15. Swedish pop, what is it about that country and their talent for delightful new wave pop? The Sounds' 'Seven Days a Week' from Living in America is a perfect example. They do it well and followed up even better in 2006.

16. Action Pact is not a great Sloan album but it does have 'The Rest of My Life' on it. Love or hate Sloan, they've got the 3 min or less powerpop nailed pretty well. 'One thing I know about the rest of my life, I know that I'll be living here in Canada'. Somewhere, I'm sure unless the call of the South beckons, then I'll venture down during the February-March doldrums. Let's face it, it's cold here. A lot.

17. Man, I friggin' love 'The Laws Have Changed' by the New Pornographers. From Electric Version, it's one song I just can't overplay. I don't know why I don't love Neko more when I hear her solo, because I hang on her every word here. Love those redheads, man.

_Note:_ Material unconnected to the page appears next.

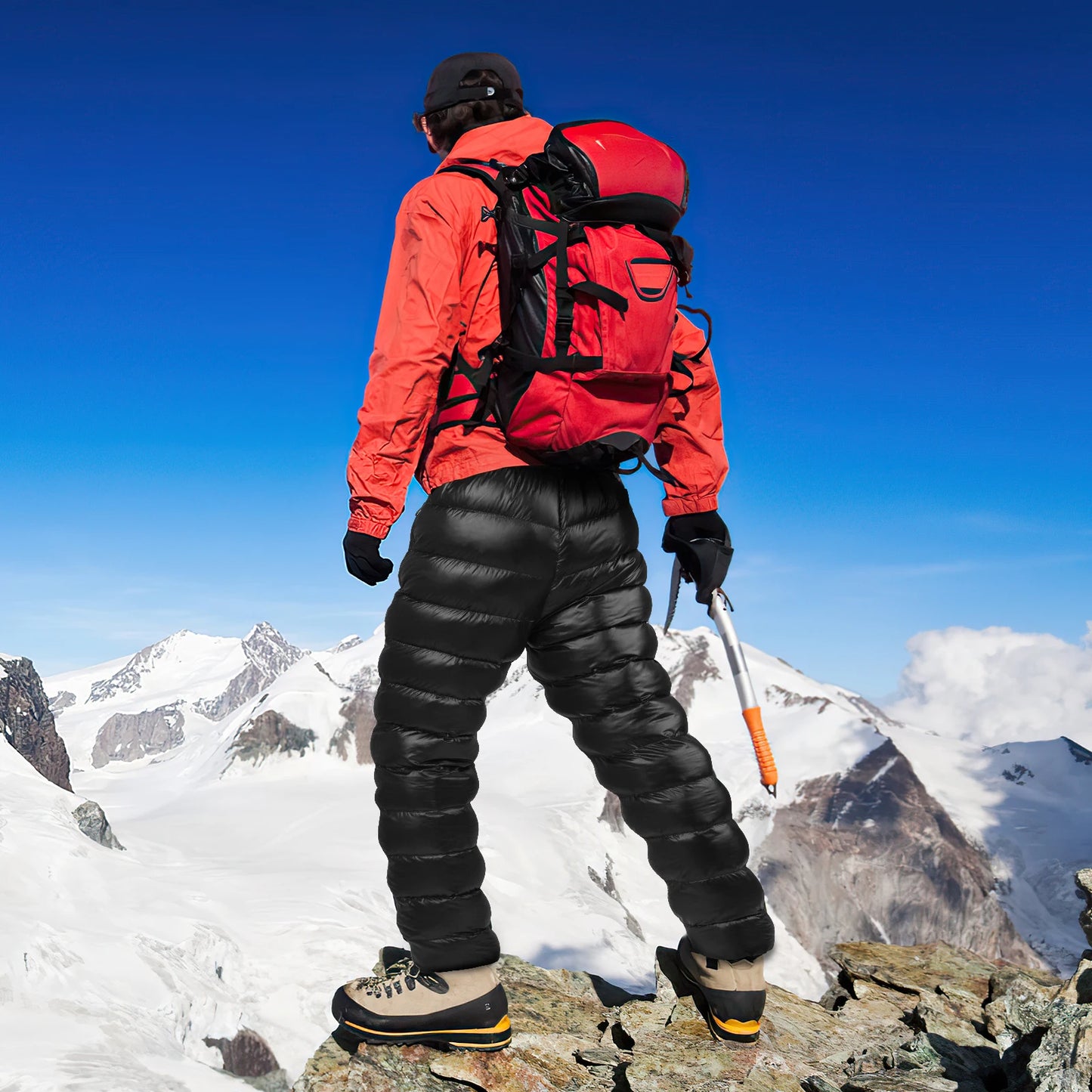 Mapleaf Down Pants Ultralight Warm 800FP Winter Snow Pants With Zipper Pockets Windproof Waterproof Camping Home Unisex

18. Cobra Verde is another band I don't immediately think of playing when I feel like some straight up 70's inflected rock & roll, but when I hear it I get annoyed with myself for not listening more. 'Riot Industry' is straight up dynamite, all rye no cola. We all need more Cobra Verde in our lives to remind us that we forget the good stuff sometimes.

19. Rancid is another consistently good to great band with little lows to complain about. It was nice to have them back in 2009. 'Memphis' from Indestructible is them doing what they do best.

20. The Exploding Hearts managed to release one excellent album, Guitar Romantic, before a car accident killed practically the whole band. Sad, sad, sad. This is up there with the Libertines two albums for a truly excellent contemporary take on 70s punk. 'Modern Kicks' let's us know they had the goods.

21. I nearly forgot about adding Jay-Z's '99 Problems' on here because I only have the single. One of the best songs of the year and reminds how much I miss this genre sometimes. Rick Rubin, come back to hip-hop please. Like immediately and send Neil Diamond to Vegas or something.

22.' One-Two-Three GO! I gotta man who makes me wanna kill!' Karen O belts out 'Man' is less than two minutes. She's gotta man and we're all gonna burn in hell. She's awesome. From Fever to Tell.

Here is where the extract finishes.